Many types of properties and services used in the operation of a business are not directly used in the making of supplies. These may be referred to as “indirect inputs”. Examples include items of overhead and inputs used in the operation of “support” functions of a business such as a personnel department or an internal audit department. The personnel, management, administrative and other support functions of a business are part of what is involved in the making of supplies since these functions are undertaken in order for the business to achieve the ultimate end or purpose of making supplies.  . . .

New section 141.01 is added only to reinforce this concept that the ultimate purpose of making supplies of some kind involves all aspects of the business. The section, in effect, requires an attribution of all costs to the making of supplies. . . .

[Emphasis added]

[109]   Subsection 141.01(3) contains identical rules, except that it applies to the actual consumption or use of the property or service rather than the intended consumption or use of the property or service on its acquisition. This subsection is relevant when applying provisions of the GST Act that look at the actual use or consumption of property or a service in a specific period, such as the section 206 change-in-use rules.

[110]   The second input tax credit rule that is relevant for the purposes of these appeals is subsection 141.01(5). Paragraph 141.01(5)(a) provides, in part, that the method used by a person in a fiscal year to determine the extent to which property or services are acquired by the person for the purpose of making taxable supplies for consideration or for other purposes must be fair and reasonable and is to be used consistently by the person throughout the year.

[111]   Paragraph 141.01(5)(b) provides an identical rule for actual consumption or use of the property or service. It provides, in part, that the method used by a person to determine the extent to which the consumption or use of property or services is for the purpose of making taxable supplies for consideration or for other purposes must be fair and reasonable and is to be used consistently by the person throughout the year.

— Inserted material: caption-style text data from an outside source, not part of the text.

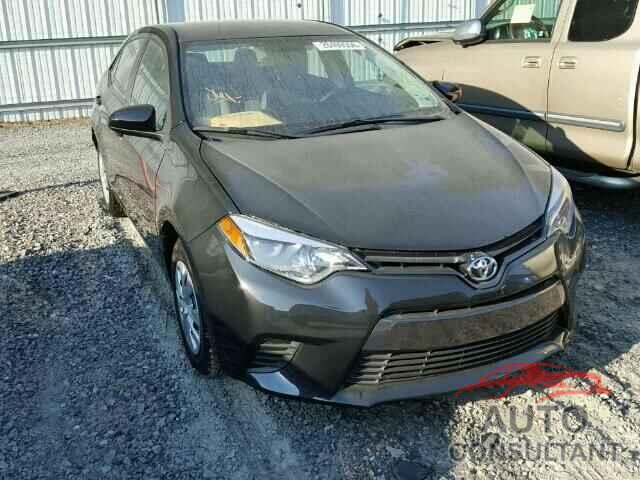 TOYOTA COROLLA 2016 - 5YFBURHE0GP381575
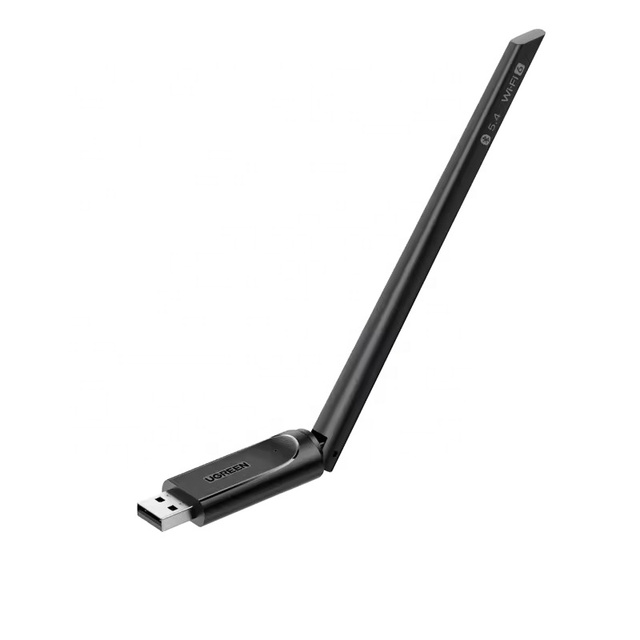2 in 1 UGREEN USB WiFi Adapter AX900 + 5.4 WiFi 6 Adapter 5GHz/2.4GHz Dual Band Wifi Adapter for Desktop PC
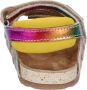 VINGINO Vienna leren sandalen roze multi Meisjes Leer Meerkleurig 25 - Thumbnail 7
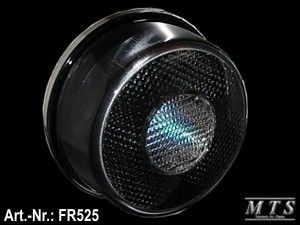 R�ckleuchten, schwarz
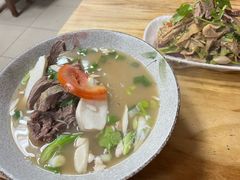 羊肉冬粉-胡同彭家老铺 新疆拉面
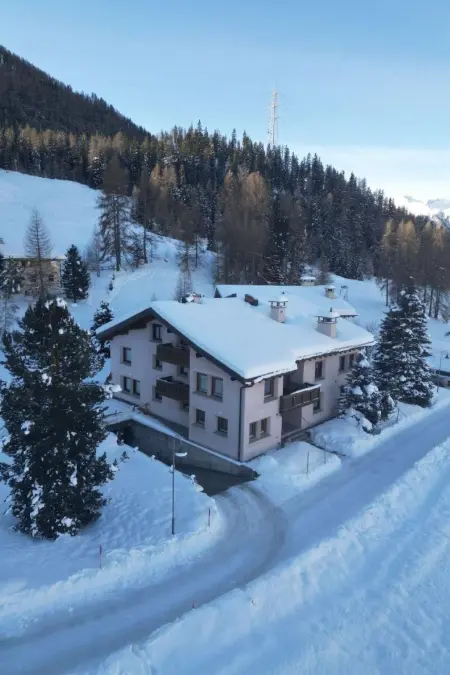 Engadin 2 1/2 Zi-Wg, Appartement 3 personnes à La Punt Chamues ch - Photo 5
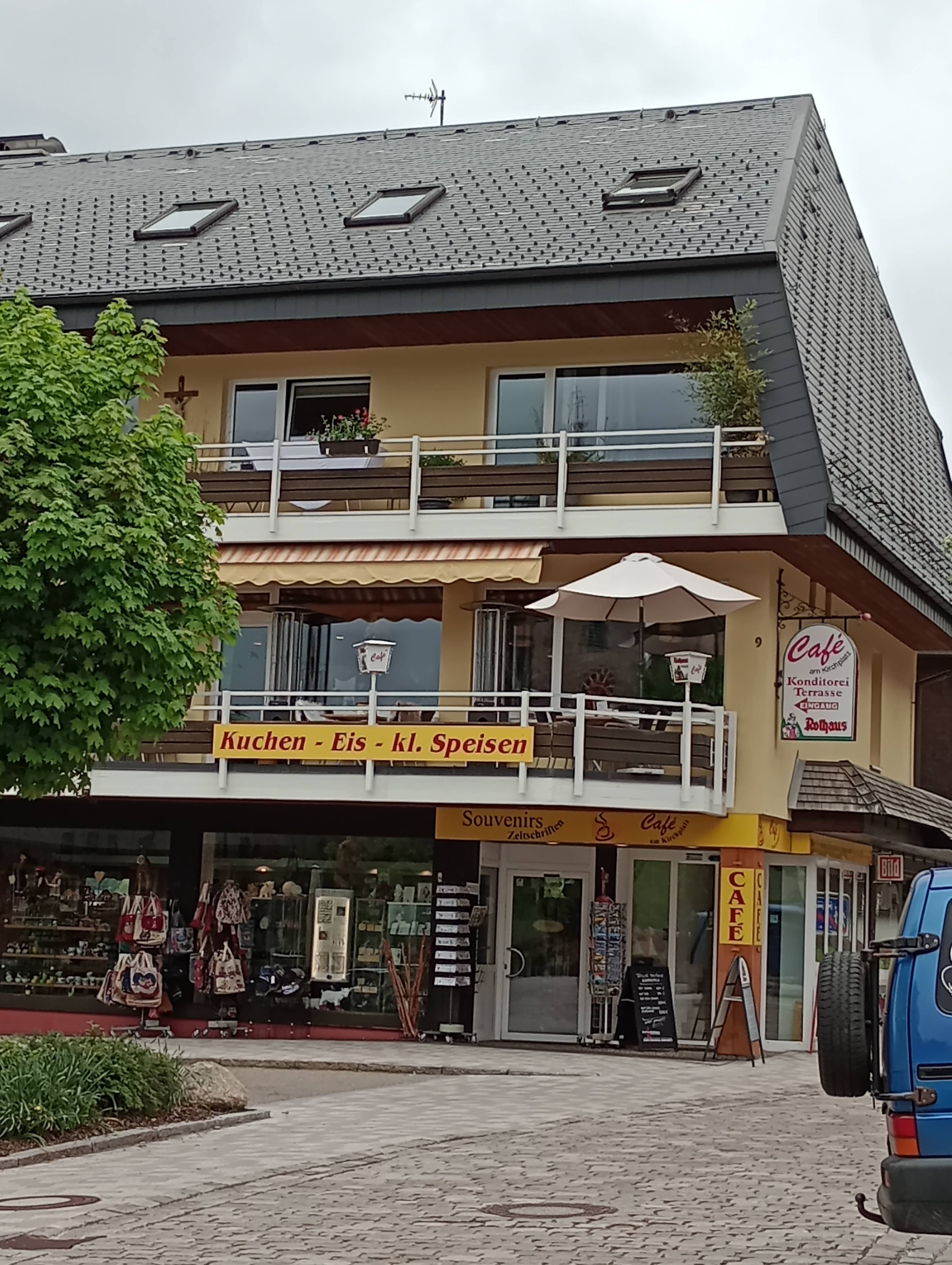 Bild 1 Café am Kirchplatz in Schluchsee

[112]   The issue of what is fair and reasonable was recently addressed by my colleague Justice Owen in Sun Life Assurance Company of Canada v. The Queen.[63] He stated the following with respect to the method proposed by the Appellant, the Sun Life Assurance Company:

[37]  The definition of the word “reasonable” in the Oxford English Dictionary (Second Edition) that is in my view most appropriate is A.2.a: “Having sound judgement; sensible, sane. . . . Also, not asking for too much.” The use of the word “raisonnables” in the French version of the provision supports this interpretation.

[38]  The use of a reasonableness requirement in tax legislation has been considered in other contexts. In Bailey v. M.N.R., [1989] T.C.J. No. 602 (QL), 89 DTC 416, the Court stated (at page 420):

What is “reasonable” is not the subjective view of either the respondent or appellant but the view of an objective observer with a knowledge of all the pertinent facts: Canadian Propane Gas & Oil Limited v. M.N.R., 73 DTC 5019 per Cattanach J. at 5028.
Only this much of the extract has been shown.